■ **PROBLEM REQUIREMENTS**: In the material below, find the line containing "Chrysanthemum 'Breeze Sol'" and the line containing "211小伙伴现在怎么样了 211小伙伴". Output those two lines and all lines between them exactly, without pictures.

■ **WORKING DATA**:
------------
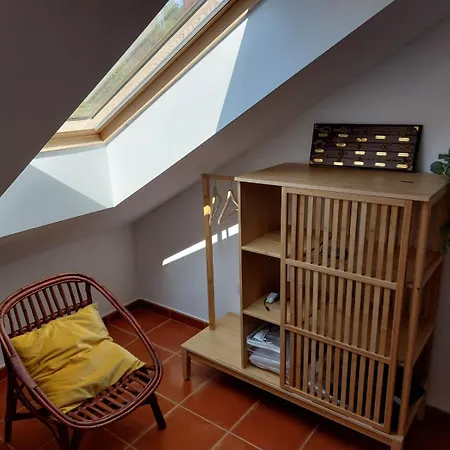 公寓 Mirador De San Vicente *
------------
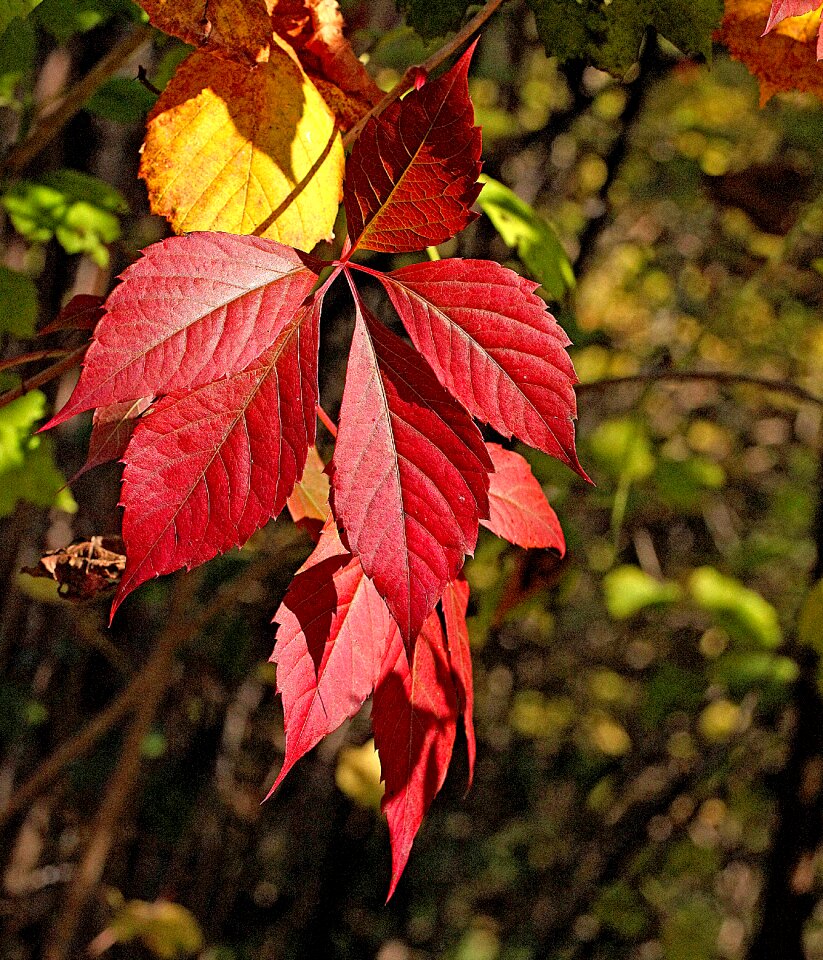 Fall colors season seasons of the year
------------
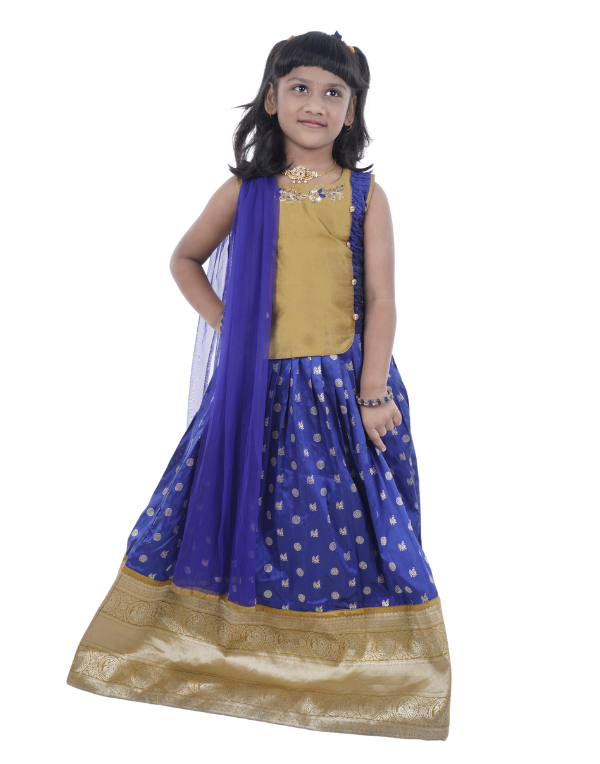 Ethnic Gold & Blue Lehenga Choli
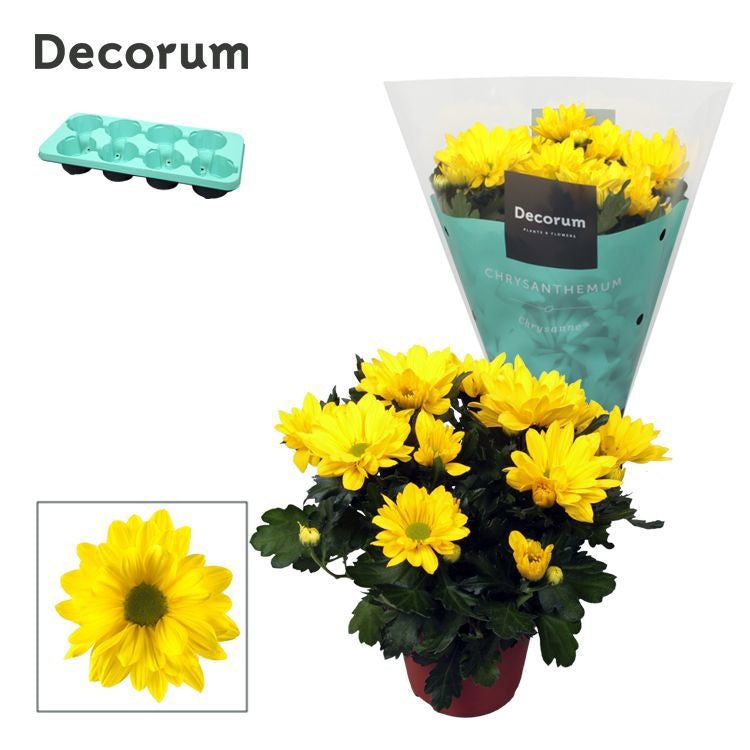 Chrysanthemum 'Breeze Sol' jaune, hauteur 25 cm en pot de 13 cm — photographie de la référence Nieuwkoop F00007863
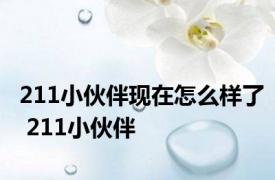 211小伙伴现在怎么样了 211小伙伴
------------
■ **EXPECTED OUTPUT**:
 Chrysanthemum 'Breeze Sol' jaune, hauteur 25 cm en pot de 13 cm — photographie de la référence Nieuwkoop F00007863
 211小伙伴现在怎么样了 211小伙伴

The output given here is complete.